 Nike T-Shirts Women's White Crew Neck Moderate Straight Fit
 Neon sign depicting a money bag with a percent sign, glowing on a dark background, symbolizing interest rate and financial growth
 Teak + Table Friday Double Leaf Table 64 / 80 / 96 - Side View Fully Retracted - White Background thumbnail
○ ○ ○
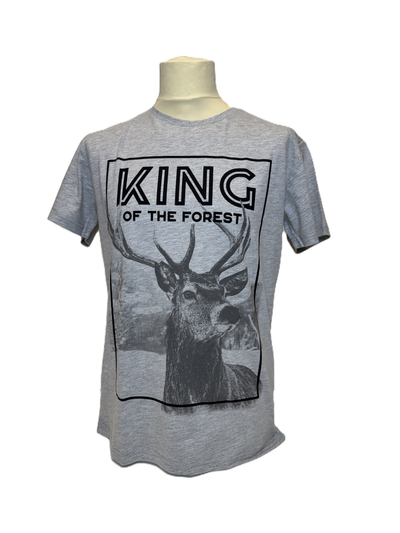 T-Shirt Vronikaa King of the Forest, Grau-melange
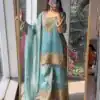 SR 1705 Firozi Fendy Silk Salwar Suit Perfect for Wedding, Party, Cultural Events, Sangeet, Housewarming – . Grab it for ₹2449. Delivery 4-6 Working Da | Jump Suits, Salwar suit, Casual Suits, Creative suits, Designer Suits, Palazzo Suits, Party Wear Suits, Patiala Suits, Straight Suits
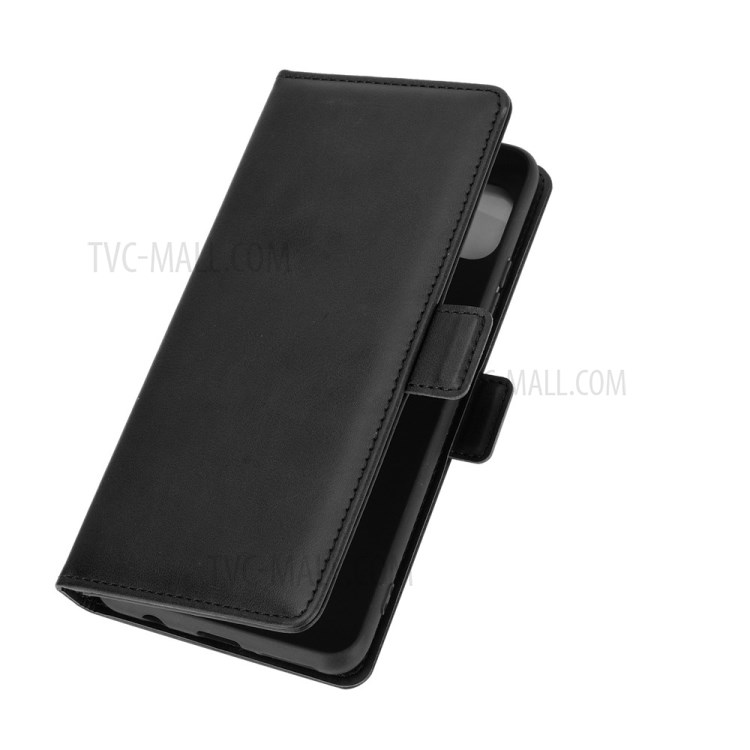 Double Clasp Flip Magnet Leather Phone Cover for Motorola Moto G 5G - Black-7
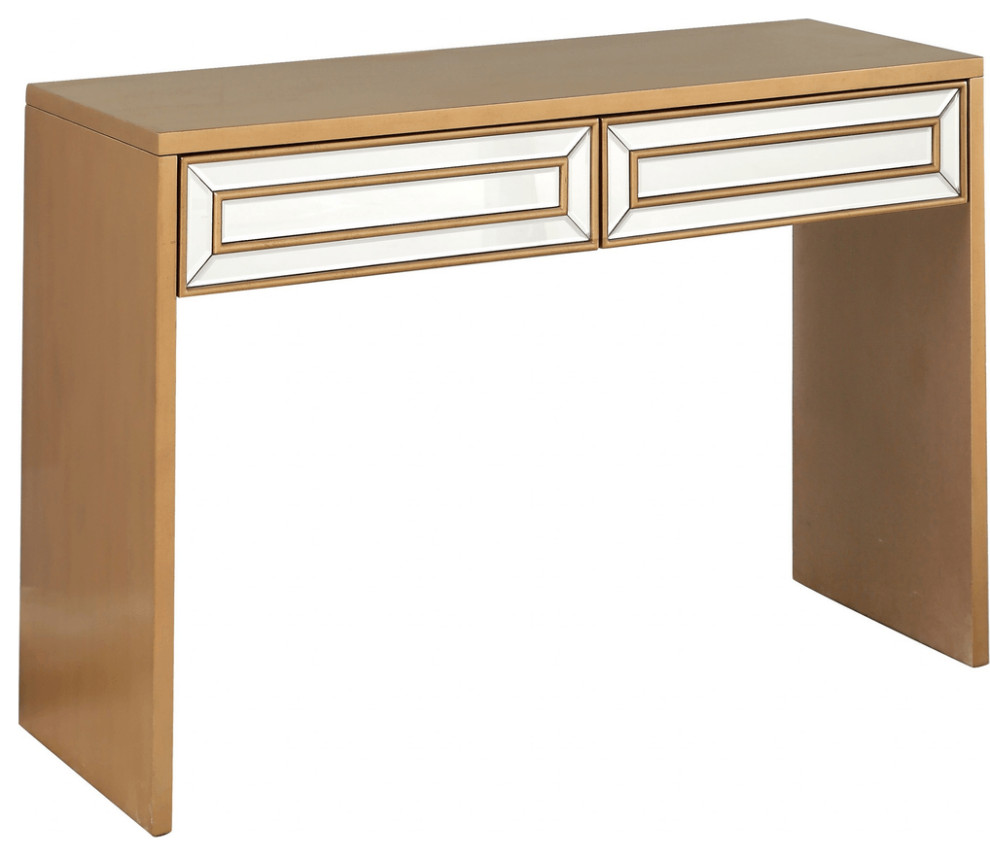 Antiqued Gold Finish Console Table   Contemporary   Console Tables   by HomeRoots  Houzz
○ ○ ○
Repeat, word for word, the lines of the material above from the one holding "Double Clasp Flip" through the one holding "Antiqued Gold Finish". Leave out pictures.

 Double Clasp Flip Magnet Leather Phone Cover for Motorola Moto G 5G - Black-7
 Antiqued Gold Finish Console Table   Contemporary   Console Tables   by HomeRoots  Houzz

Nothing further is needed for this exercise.